***** DATASET CONTENT *****

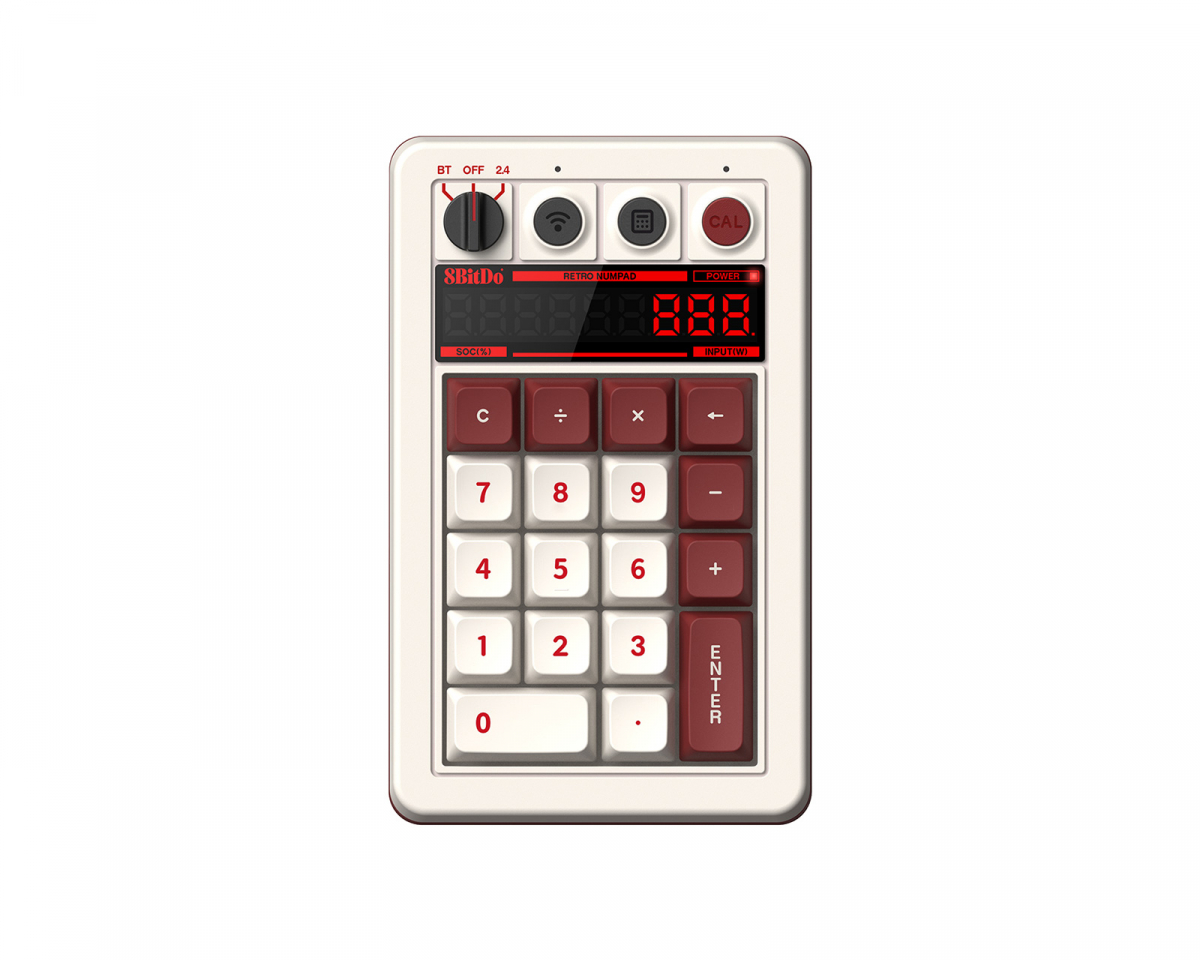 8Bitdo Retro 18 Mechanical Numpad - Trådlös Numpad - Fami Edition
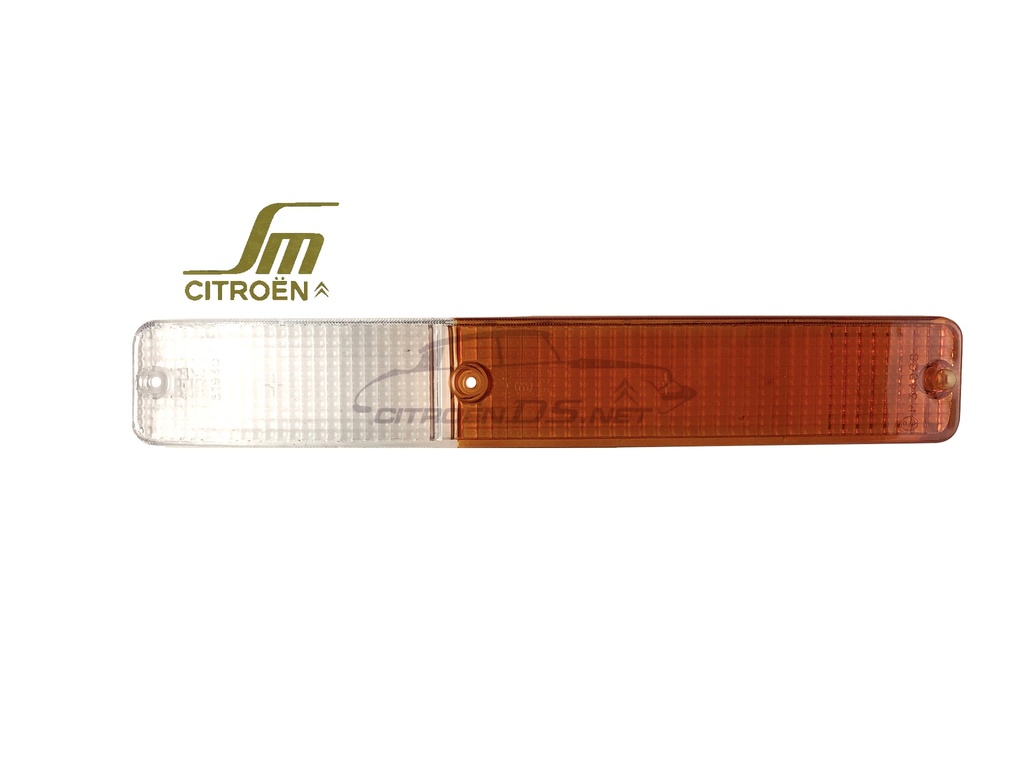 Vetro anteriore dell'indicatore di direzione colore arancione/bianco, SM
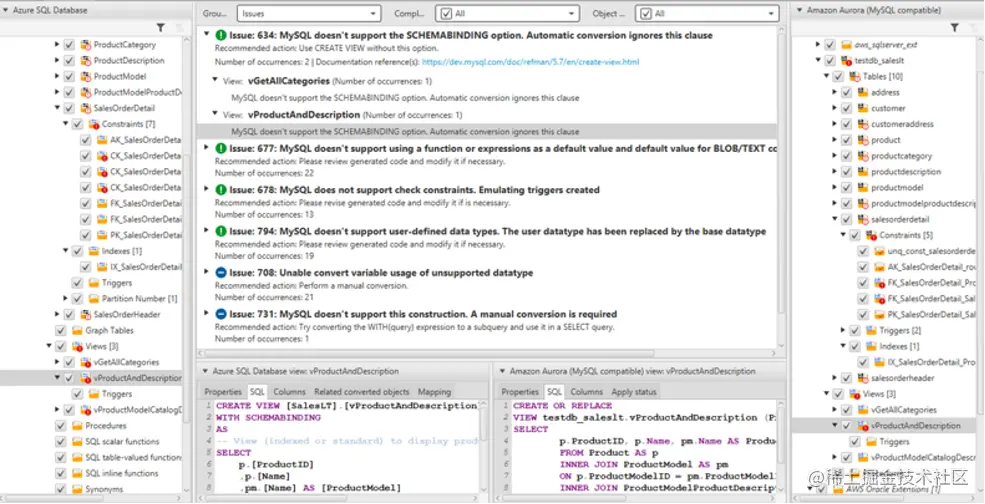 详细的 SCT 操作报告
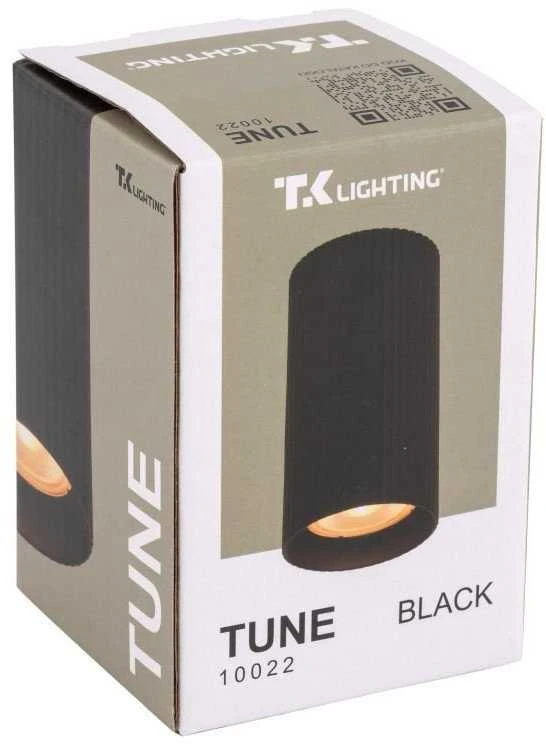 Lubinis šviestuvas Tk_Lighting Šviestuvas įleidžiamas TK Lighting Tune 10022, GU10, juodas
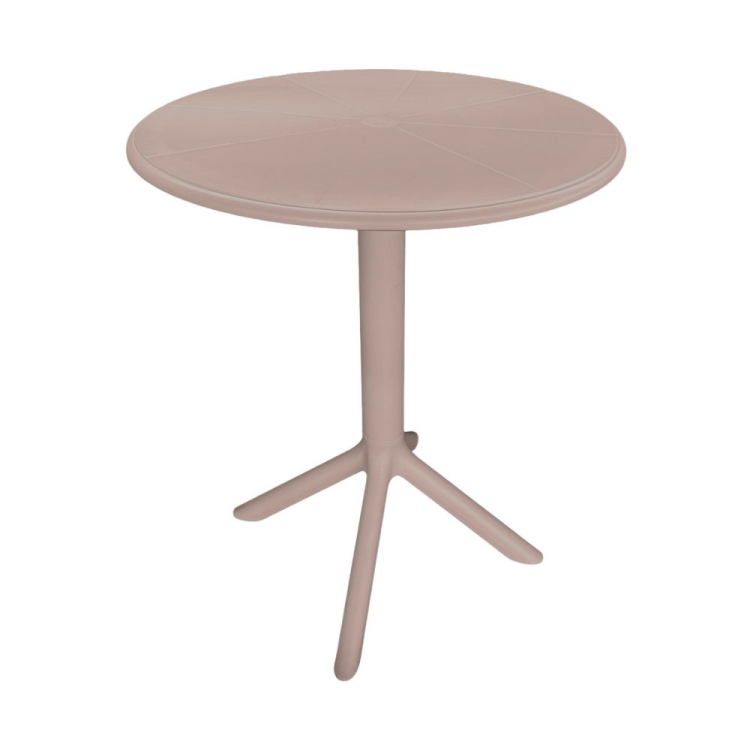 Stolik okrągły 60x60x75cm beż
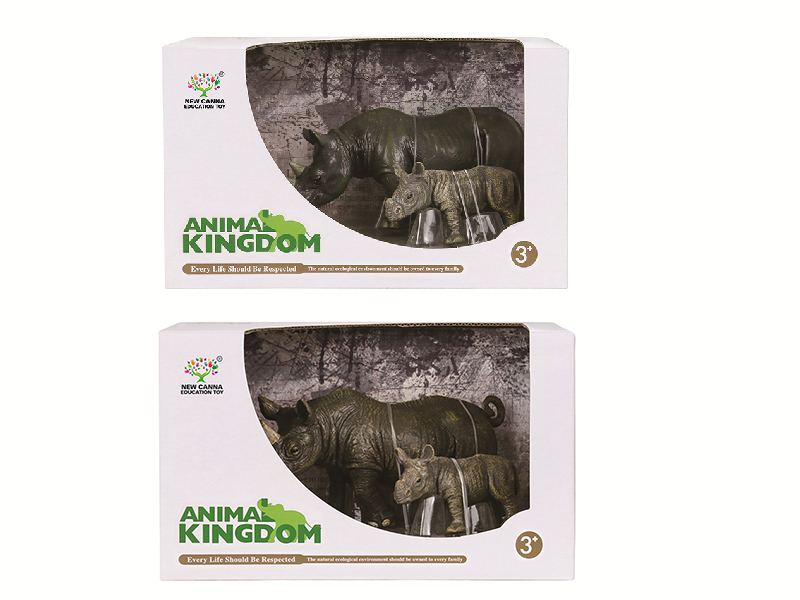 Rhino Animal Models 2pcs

*****

WORK INSTRUCTIONS: Put each line of the listing above into the copy exactly, dropping the pictures.

FINAL ANSWER:
 8Bitdo Retro 18 Mechanical Numpad - Trådlös Numpad - Fami Edition
 Vetro anteriore dell'indicatore di direzione colore arancione/bianco, SM
 详细的 SCT 操作报告
 Lubinis šviestuvas Tk_Lighting Šviestuvas įleidžiamas TK Lighting Tune 10022, GU10, juodas
 Stolik okrągły 60x60x75cm beż
 Rhino Animal Models 2pcs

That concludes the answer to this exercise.